An extremely useful tool for investigating this kind of thing is the online compiler at
. It does not include many commercial compilers (though it has MSVC), but supports C, C++, and lots of languages on a very wide range of compilers and targets. Here you can see your code compiled for gcc and clang Cortex-M4 :
I'd like to do this, but I use this newsgroup so infrequently that I don't want to buy and install anything special. Is there some online tool you'd recommend?
Yes, thank you. It seems indeed as a useful tool for a quick look at the generated assembly.
But regarding the stack alignment requirements, The "ARM Procedure Call Standard for the ARM Architecture" (ARM IHI 0042E) says in Section 22.214.171.124 "Universal stack constraints" that "SP mod 4 = 0, The stack must at all times be aligned at word boundary". Later in the next Section 126.96.36.199 "Stack constraints at a public interface" it strengthens the requirements to: "SP mod 8 = 0. The stack must be double-word aligned".
So the question now is: what do they mean by "public interface"?

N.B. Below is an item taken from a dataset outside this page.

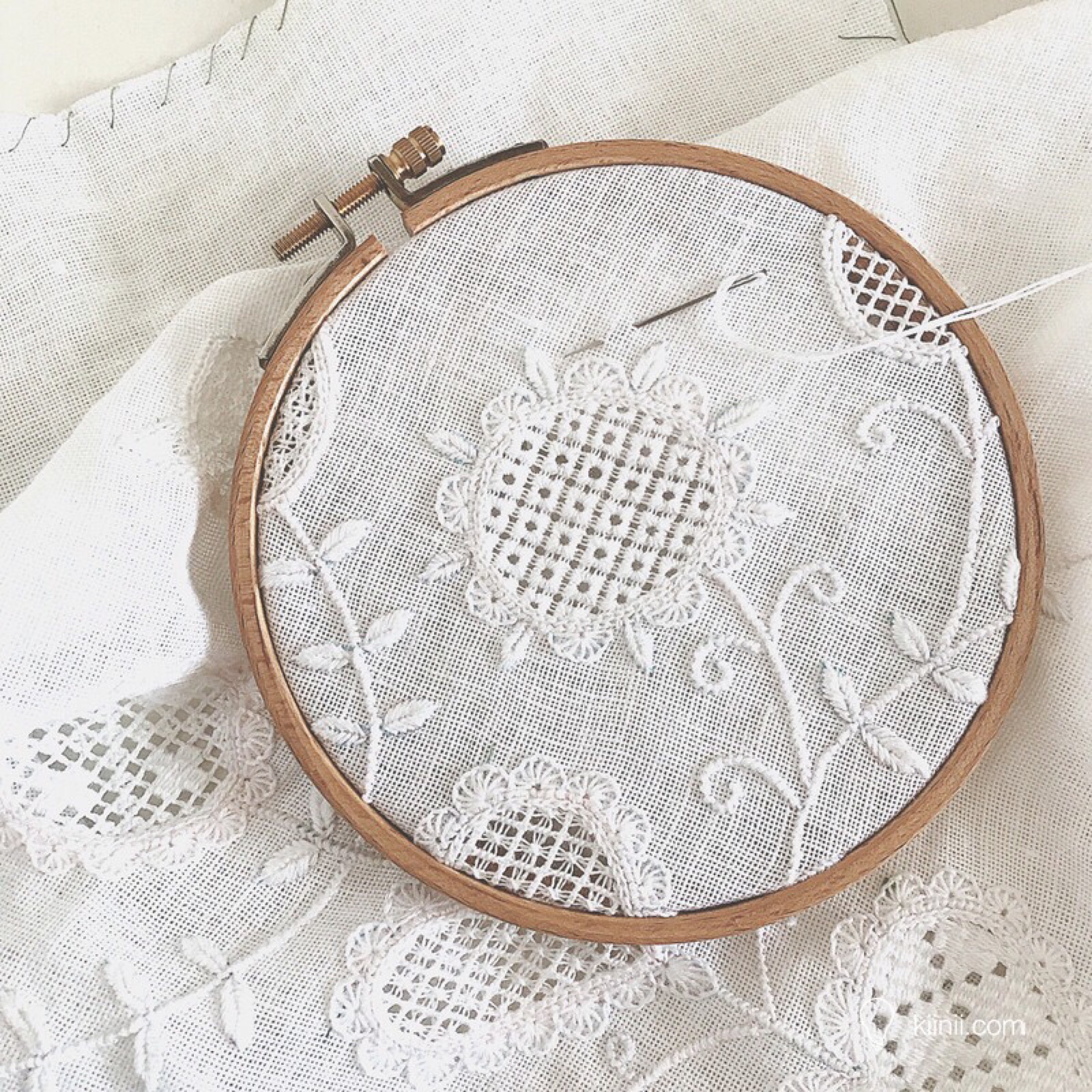 白线刺绣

Thunderbird is free - as are any of a dozen different newsreaders, depending on preferences and OS. Many other email programs also support Usenet. There are several free Usenet servers, at least for non-binary groups like those in comp.* news.eternal-september.org is a popular one. Your ISP might also provide the service, as it used to be a standard part of any internet access package.
I don't know of any free online interfaces other than google groups, which is barely worth the price (although as always with google, it's good for searching). There are several paid-for services, mostly targeting binary groups (which used to be a popular way to spread pirated software and media, before bittorrent).

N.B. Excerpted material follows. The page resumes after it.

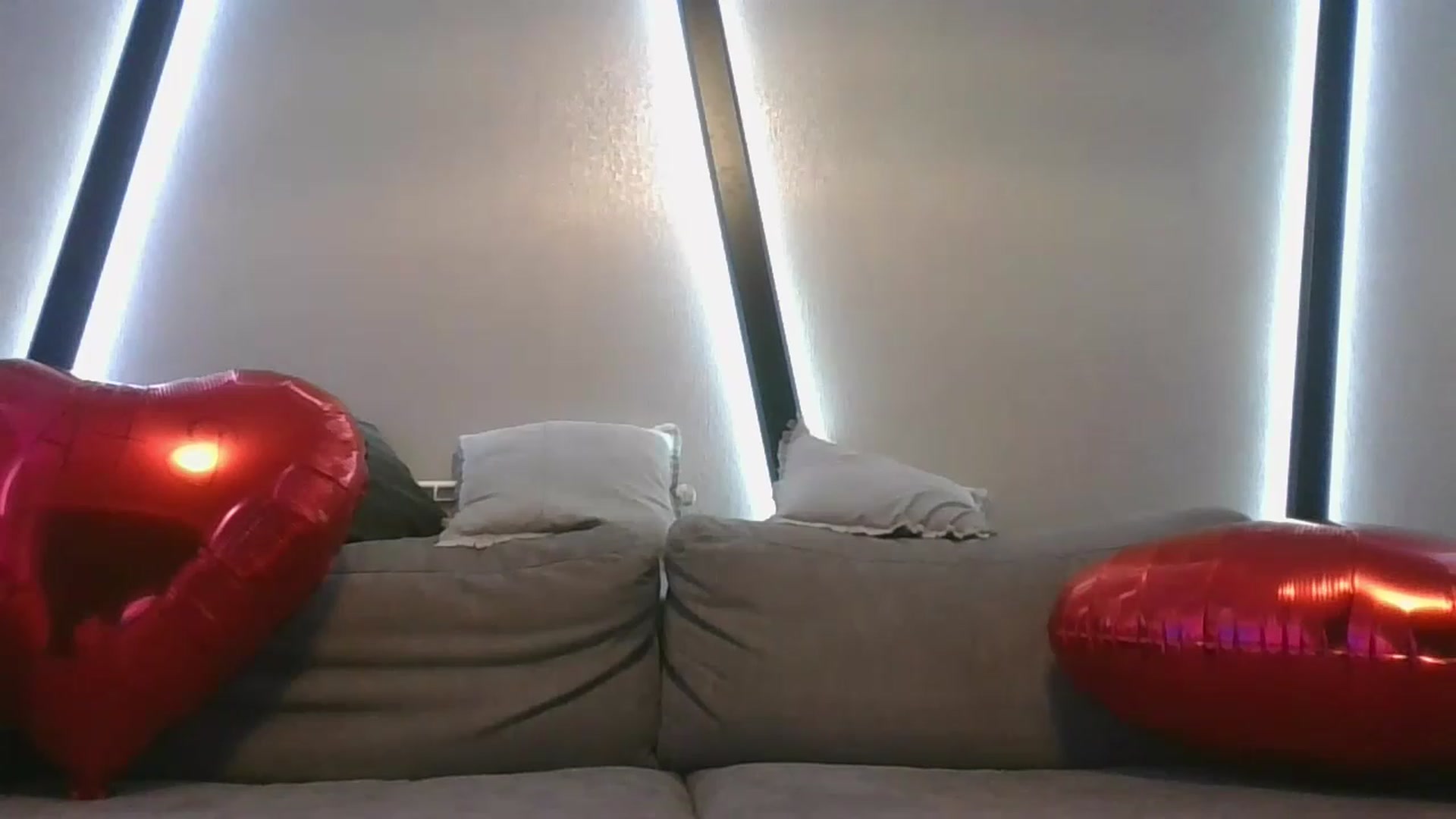 Gallery image thumbnail from SecretAmber's myfreecams stream on, 02/13/2023, 20:32 image 1 of 20
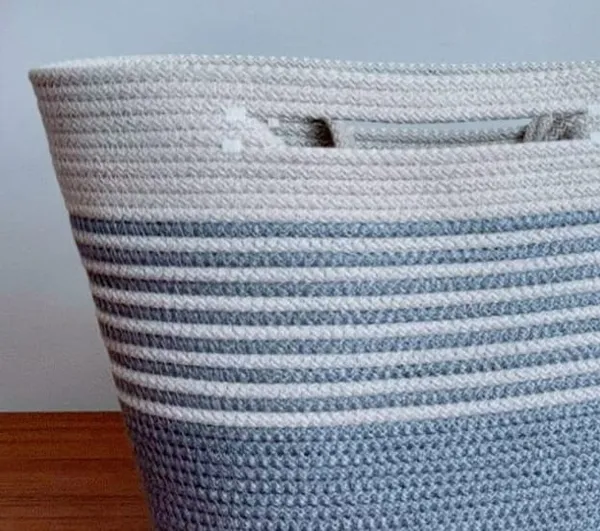 All_the_Cultures_Fabricating_India_Handmade_Small_Dry_/Natural_baskets/Chic_Dry__bag/handbag_from_India/carry_tote_bag_Sling_Bags_White-Crtoon/kids_baskets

Technical groups are all text posts, and most have relatively few posts. Even if you start your newsreader once a month, it will take no more than a few seconds to download all posts in comp.arch.embedded to bring it up to date.
I use it all the time, for looking at code on different targets, comparing different options, checking complicated syntax (such as testing C++ features in the latest standards, newer than the compilers I have online), comparing the output of different compilers, sharing code with others via links, checking if the code I write gives exactly the assembly I want, amongst other things.
I guess that means when calling code, or being called from code, that is independently compiled. When it is within the same compiled code, you don't have to follow the standard ABI at all - you (meaning "the compiler") can make your own rules regarding parameter passing, volatile / non-volatile registers, etc.
Yes, the Standard API defines what functions are allowed to presume when they are called by "unknown" code. That is what is allowed at a "Public API", being public, anyone can call it.
Since routines are allowed to assume they are entered with a stack pointer aligned to a multiple of 8, the caller needs to assure that (at least if their entry at a public API also had the stack pointer properly aligned).
The purpose of this is that some common instructions require their source/destination to be so aligned, and it is a bit awkward to write a subroutine that might be called with a stack pointer that isn't so aligned to make the pointer so aligned (it typically costs a register to hold the old SP), so the ABI requires the stack to be so aligned.
If a piece of code doesn't call any outside routines, then this isn't a problem, so the ABI doesn't restrict the stack pointer at those times. This is important, as it isn't uncommon to want to temporarily push a single word onto the stack for a bit, and it the stack pointer needed to be kept at an alignment of 8, that operation would need to use up extra stack memory.